_Directions_
The expected output is the full set of entries, printed exactly, without pictures.

▶

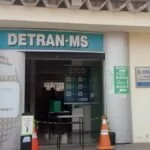 Agências do Detran-MS de Corumbá e Ladário passam a oferecer atendimento agendado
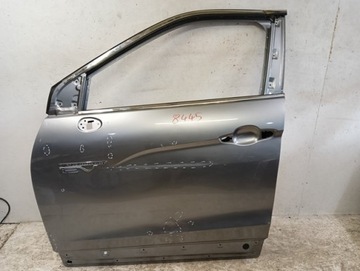 Двері ліві передні лівий перед mitsubishi eclipse cross 17- фото №1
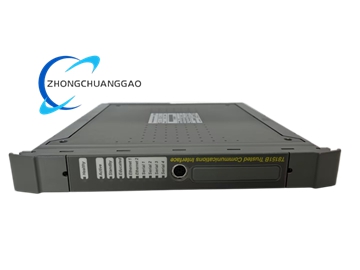 ICS Triplex T8151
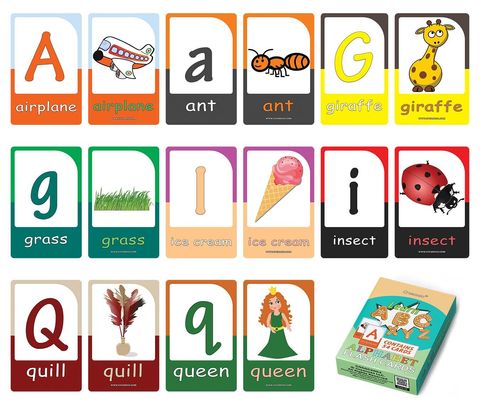 CNSGC2004_Alphabet Flash Cards_1DMain_Image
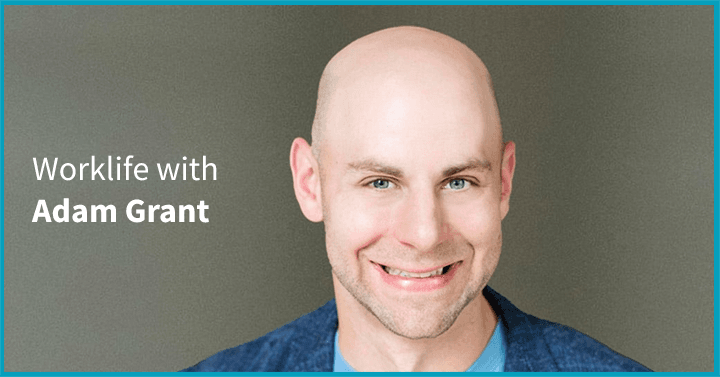 Worklife with Adam Grant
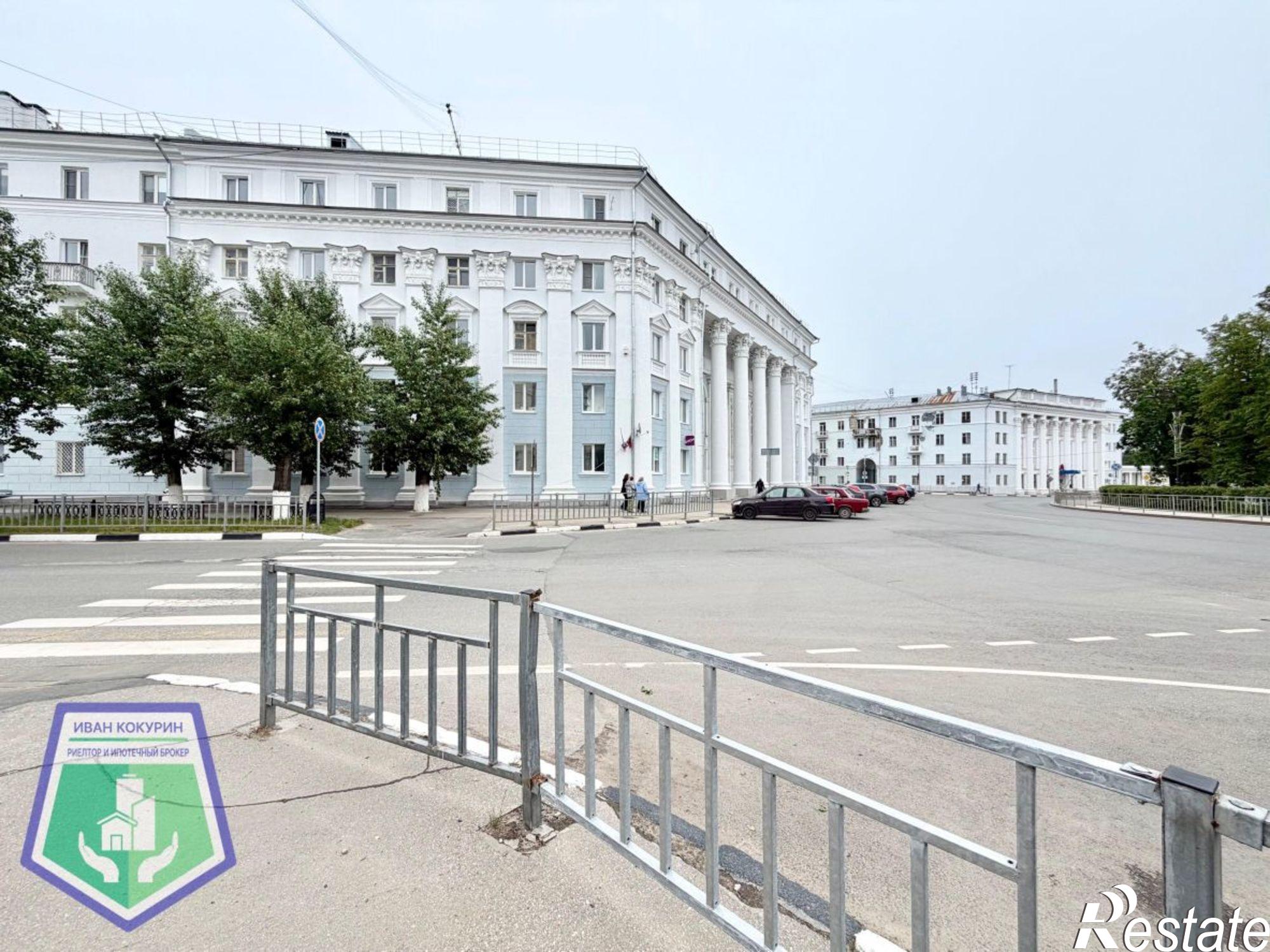 Купить комнату за 1 800 000 рублей на пр-кт Чкалова, 2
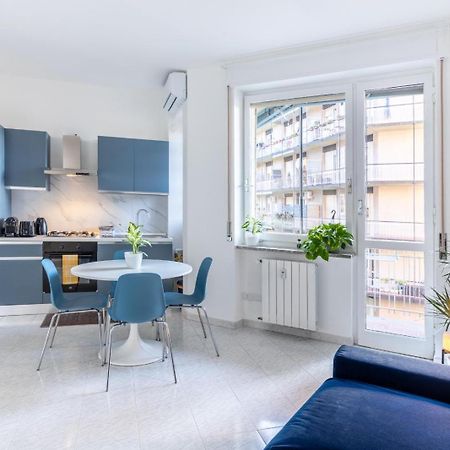 Dreams Little Apartment - M5 Station - Near Center Milano Ngoại thất bức ảnh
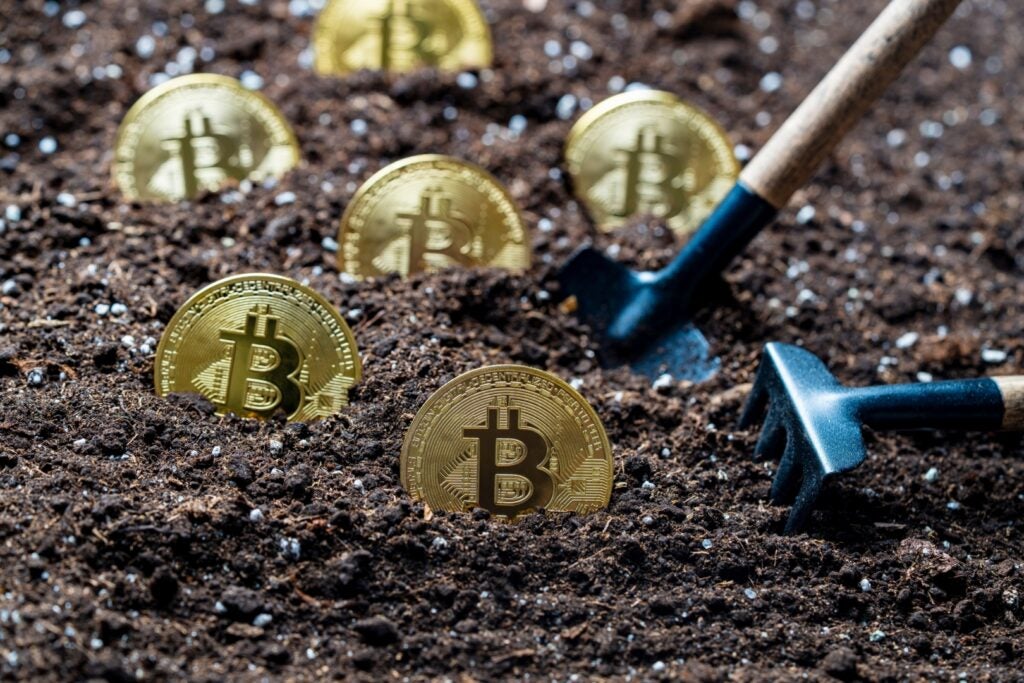 Bitcoin, Ethereum, Dogecoin Slide As Traders Turn Cautious Before Fed Meeting: Analyst Foresees BTC 'Correction' To $86,000 - Grayscale Bitcoin Mini Trust (BTC) Common units of fractional undivided beneficial interest (ARCA:BTC)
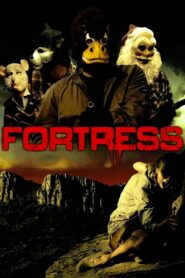 Fortress 1985 one on netflix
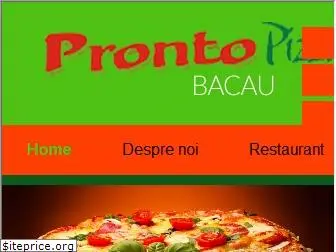 pizzabacau.ro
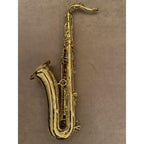 Yanagisawa T-WO10 Elite tenorsaxofoon 385612 volledig achteraanzicht
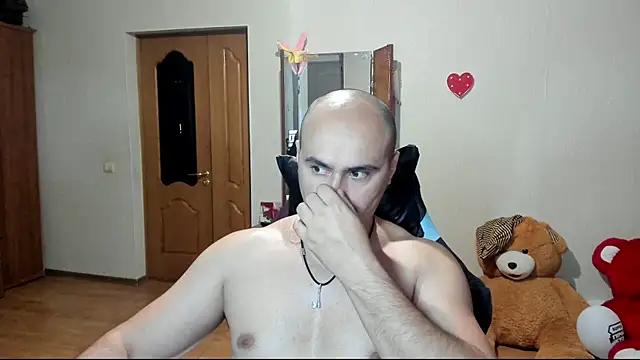 Gri SH online show from 09-29-25, 07:40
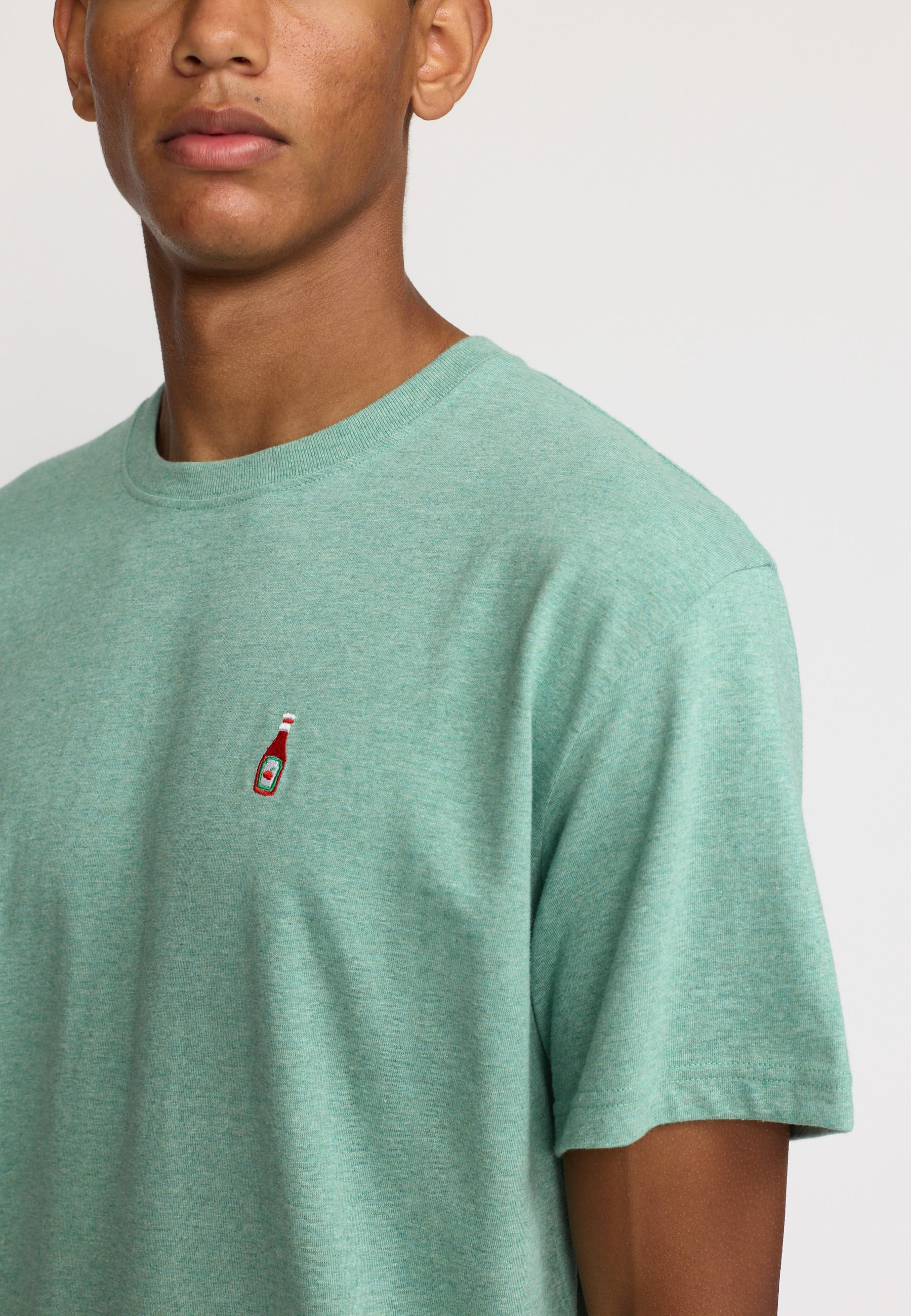 T-shirt Revolution Ket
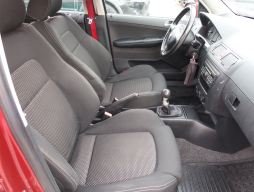Škoda Fabia 2005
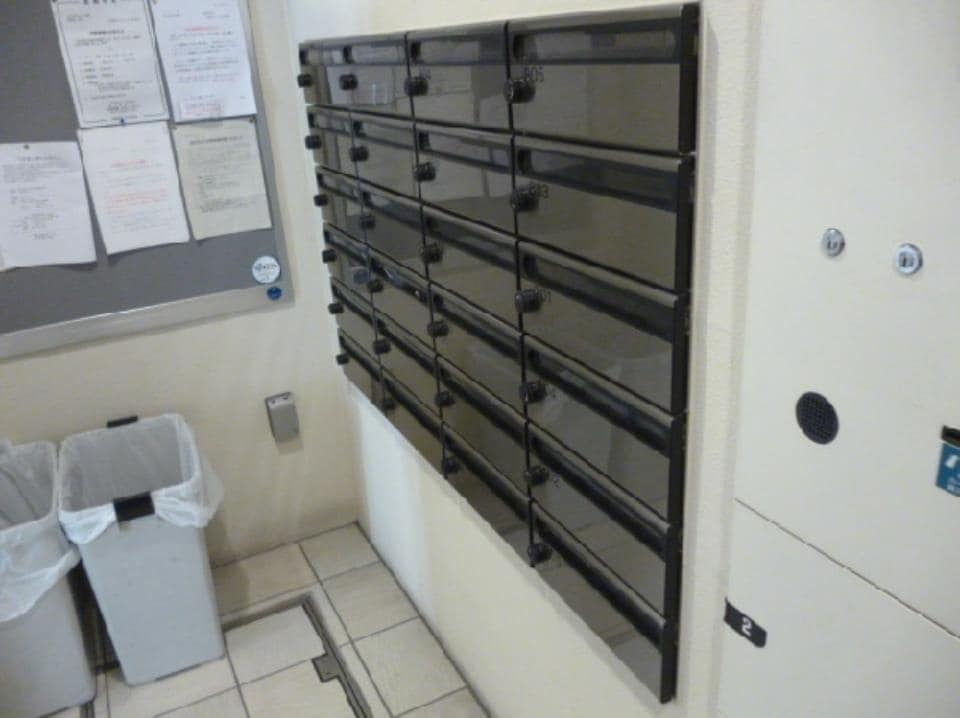 ラクラス田町の物件内観写真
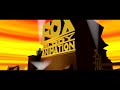 Fox Flody Animation Logo 2018 2019 Anamorphic Widescreen Version 2 2026 UPDATED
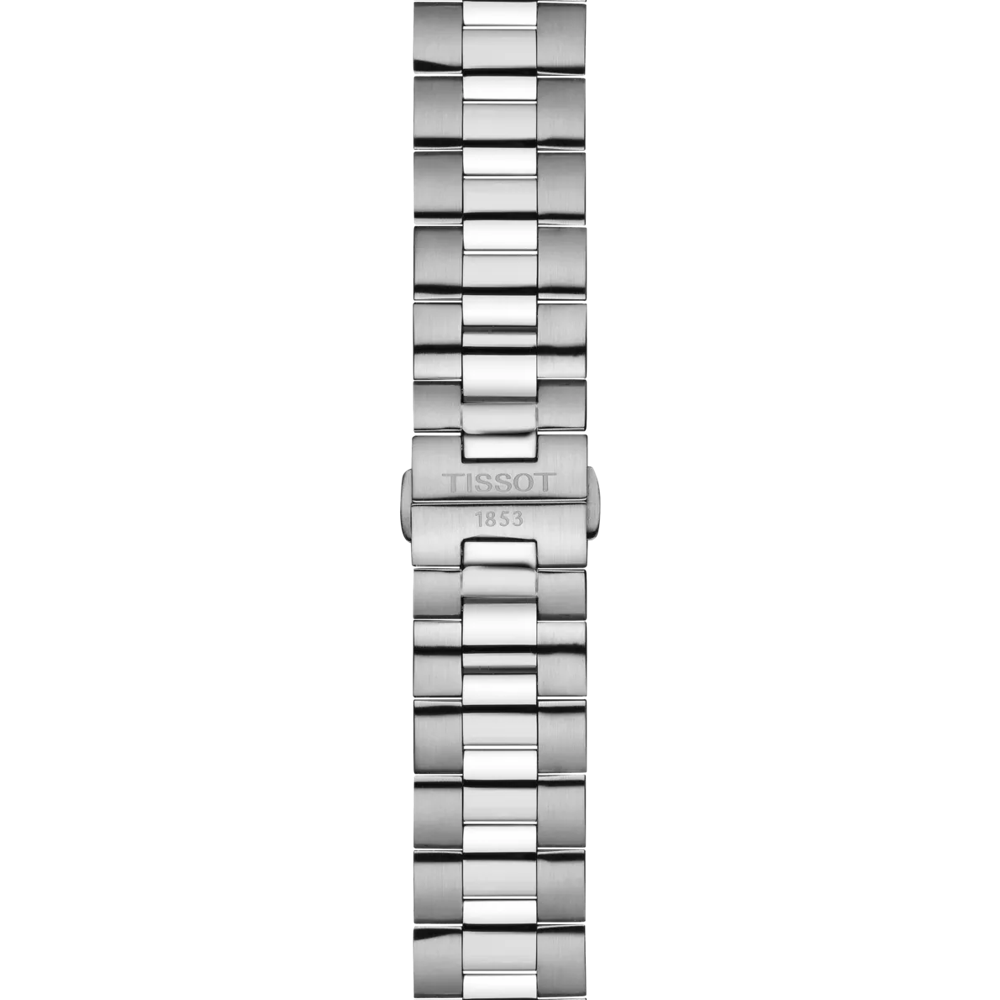 Tissot Gentleman Titanium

◀

_Answer section_
 Agências do Detran-MS de Corumbá e Ladário passam a oferecer atendimento agendado
 Двері ліві передні лівий перед mitsubishi eclipse cross 17- фото №1
 ICS Triplex T8151
 CNSGC2004_Alphabet Flash Cards_1DMain_Image
 Worklife with Adam Grant
 Купить комнату за 1 800 000 рублей на пр-кт Чкалова, 2
 Dreams Little Apartment - M5 Station - Near Center Milano Ngoại thất bức ảnh
 Bitcoin, Ethereum, Dogecoin Slide As Traders Turn Cautious Before Fed Meeting: Analyst Foresees BTC 'Correction' To $86,000 - Grayscale Bitcoin Mini Trust (BTC) Common units of fractional undivided beneficial interest (ARCA:BTC)
 Fortress 1985 one on netflix
 pizzabacau.ro
 Yanagisawa T-WO10 Elite tenorsaxofoon 385612 volledig achteraanzicht
 Gri SH online show from 09-29-25, 07:40
 T-shirt Revolution Ket
Škoda Fabia 2005
 ラクラス田町の物件内観写真
 Fox Flody Animation Logo 2018 2019 Anamorphic Widescreen Version 2 2026 UPDATED
 Tissot Gentleman Titanium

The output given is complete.